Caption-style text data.
== Segment start ==

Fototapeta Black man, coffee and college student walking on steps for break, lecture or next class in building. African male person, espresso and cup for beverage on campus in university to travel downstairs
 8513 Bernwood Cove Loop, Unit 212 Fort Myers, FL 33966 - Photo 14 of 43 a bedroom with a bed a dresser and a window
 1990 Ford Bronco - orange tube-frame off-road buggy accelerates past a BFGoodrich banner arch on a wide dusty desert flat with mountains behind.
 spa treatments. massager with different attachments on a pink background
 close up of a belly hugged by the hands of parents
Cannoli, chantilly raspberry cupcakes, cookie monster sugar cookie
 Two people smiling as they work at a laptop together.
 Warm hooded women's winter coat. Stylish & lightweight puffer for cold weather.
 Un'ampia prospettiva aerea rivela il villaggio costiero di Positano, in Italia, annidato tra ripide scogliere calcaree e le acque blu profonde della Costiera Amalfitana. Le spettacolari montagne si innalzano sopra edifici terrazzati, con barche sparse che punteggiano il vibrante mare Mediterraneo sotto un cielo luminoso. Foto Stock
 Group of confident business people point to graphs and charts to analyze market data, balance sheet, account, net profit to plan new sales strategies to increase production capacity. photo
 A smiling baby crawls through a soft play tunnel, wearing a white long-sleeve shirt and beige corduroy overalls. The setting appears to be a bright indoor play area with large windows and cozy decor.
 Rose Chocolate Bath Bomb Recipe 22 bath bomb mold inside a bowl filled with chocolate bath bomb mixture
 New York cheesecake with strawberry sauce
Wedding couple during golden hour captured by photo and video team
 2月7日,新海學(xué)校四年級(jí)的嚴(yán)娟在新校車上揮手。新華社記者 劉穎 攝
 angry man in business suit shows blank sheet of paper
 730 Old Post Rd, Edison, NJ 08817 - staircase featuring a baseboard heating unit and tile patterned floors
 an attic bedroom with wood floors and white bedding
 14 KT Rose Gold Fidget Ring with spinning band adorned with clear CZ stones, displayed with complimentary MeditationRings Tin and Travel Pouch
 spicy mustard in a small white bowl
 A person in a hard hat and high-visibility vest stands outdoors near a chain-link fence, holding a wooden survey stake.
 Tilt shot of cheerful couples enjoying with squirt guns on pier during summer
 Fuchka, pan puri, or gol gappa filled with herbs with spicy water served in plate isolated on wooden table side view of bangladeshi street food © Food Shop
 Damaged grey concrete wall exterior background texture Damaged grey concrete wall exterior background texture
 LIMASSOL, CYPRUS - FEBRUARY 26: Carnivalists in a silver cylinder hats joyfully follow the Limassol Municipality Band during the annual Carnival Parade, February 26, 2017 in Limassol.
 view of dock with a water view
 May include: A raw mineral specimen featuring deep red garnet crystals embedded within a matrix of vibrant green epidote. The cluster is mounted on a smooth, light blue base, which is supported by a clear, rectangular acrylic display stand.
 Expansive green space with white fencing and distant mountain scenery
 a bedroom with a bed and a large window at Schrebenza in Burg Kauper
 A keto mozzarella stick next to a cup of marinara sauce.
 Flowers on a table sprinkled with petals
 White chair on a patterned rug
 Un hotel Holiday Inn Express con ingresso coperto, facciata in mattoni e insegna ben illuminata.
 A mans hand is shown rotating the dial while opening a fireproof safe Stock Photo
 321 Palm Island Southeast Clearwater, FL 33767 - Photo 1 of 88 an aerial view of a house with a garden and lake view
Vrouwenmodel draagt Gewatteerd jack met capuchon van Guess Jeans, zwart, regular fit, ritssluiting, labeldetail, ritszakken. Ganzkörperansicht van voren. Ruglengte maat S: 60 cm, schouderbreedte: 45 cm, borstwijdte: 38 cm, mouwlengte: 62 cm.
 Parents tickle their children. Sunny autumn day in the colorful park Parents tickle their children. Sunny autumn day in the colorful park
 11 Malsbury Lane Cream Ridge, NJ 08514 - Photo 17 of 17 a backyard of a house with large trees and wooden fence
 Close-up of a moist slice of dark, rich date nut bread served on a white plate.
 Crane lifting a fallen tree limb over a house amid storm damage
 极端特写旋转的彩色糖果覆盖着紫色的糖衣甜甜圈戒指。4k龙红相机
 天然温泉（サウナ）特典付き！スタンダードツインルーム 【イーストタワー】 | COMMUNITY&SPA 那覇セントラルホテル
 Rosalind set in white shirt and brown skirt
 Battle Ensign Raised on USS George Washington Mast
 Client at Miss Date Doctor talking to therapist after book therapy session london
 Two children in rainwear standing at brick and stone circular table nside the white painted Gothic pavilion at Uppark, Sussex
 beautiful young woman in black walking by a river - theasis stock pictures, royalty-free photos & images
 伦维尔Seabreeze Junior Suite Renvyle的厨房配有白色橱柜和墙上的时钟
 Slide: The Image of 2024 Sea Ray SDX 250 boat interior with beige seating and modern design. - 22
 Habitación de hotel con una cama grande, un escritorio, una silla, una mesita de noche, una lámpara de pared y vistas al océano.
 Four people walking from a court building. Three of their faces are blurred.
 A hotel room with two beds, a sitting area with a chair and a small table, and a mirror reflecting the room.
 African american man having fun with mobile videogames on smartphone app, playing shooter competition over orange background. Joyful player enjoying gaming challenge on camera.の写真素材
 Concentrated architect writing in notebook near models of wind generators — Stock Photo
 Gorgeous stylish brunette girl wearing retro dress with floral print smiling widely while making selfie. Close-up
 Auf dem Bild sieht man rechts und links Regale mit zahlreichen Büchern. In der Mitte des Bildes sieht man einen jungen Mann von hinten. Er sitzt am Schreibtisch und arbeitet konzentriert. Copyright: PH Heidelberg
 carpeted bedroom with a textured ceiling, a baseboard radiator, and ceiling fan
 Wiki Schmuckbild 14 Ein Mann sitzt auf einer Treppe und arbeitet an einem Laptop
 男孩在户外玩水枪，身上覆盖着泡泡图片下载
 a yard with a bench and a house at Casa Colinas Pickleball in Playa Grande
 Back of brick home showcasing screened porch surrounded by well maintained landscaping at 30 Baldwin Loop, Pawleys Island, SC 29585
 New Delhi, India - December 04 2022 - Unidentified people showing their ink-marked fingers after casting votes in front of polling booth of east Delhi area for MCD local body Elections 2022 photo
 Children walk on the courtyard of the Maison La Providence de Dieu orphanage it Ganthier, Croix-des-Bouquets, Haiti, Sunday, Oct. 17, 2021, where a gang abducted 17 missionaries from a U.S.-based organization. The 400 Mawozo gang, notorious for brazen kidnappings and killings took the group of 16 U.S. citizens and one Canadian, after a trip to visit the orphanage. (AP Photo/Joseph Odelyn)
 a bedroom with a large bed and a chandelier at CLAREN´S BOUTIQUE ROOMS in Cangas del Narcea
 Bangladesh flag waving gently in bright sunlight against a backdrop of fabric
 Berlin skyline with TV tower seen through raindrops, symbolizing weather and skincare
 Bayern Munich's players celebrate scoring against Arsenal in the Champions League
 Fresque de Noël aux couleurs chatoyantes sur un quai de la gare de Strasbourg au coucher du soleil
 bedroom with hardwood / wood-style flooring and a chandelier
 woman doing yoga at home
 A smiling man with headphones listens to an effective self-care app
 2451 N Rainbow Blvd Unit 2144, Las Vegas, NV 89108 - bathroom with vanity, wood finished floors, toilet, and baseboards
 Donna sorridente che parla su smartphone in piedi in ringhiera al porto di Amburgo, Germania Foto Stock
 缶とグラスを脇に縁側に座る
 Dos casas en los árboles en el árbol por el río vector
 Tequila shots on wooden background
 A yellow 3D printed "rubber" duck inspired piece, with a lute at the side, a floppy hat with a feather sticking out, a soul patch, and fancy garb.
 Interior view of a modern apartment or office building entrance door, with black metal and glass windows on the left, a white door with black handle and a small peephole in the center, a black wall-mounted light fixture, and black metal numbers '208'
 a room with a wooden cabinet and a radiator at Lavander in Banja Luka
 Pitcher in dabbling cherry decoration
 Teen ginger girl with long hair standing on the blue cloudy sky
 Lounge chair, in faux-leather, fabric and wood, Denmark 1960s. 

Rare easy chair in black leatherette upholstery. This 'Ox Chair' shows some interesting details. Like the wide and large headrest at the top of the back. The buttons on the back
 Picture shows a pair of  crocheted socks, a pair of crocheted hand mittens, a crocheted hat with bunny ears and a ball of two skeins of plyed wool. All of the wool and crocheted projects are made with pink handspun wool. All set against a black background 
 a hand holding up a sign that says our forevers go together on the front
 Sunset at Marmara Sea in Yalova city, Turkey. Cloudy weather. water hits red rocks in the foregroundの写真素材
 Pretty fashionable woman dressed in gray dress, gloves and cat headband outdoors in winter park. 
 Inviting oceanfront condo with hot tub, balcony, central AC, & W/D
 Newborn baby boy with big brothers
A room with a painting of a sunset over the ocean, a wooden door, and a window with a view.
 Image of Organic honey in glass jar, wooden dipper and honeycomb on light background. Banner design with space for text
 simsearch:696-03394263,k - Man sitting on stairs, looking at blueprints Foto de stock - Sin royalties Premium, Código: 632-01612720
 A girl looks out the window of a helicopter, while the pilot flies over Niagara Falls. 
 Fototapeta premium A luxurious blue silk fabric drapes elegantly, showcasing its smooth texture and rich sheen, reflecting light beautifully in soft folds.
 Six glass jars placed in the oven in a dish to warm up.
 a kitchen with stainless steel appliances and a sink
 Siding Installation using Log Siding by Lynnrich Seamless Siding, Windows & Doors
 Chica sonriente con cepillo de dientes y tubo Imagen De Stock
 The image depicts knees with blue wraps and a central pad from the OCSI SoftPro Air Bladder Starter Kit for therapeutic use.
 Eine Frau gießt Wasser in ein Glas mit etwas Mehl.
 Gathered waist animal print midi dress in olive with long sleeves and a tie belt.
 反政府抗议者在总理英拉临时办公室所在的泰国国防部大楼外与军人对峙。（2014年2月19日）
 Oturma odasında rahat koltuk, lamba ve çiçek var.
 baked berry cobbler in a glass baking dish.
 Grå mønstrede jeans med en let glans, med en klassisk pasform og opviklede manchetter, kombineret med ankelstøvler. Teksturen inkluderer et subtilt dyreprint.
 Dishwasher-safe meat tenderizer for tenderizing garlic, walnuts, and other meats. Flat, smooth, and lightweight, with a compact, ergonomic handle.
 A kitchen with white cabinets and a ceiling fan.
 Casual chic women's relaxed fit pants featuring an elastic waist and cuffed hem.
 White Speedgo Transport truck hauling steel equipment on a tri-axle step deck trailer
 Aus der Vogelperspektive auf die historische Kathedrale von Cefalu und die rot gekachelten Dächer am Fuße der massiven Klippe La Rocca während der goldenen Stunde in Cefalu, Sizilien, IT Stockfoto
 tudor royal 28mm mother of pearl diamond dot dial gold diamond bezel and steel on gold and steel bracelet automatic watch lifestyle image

== Segment end ==

Search the data above for the string "fence" and return every line that has it.

Answer area.
 A person in a hard hat and high-visibility vest stands outdoors near a chain-link fence, holding a wooden survey stake.
 11 Malsbury Lane Cream Ridge, NJ 08514 - Photo 17 of 17 a backyard of a house with large trees and wooden fence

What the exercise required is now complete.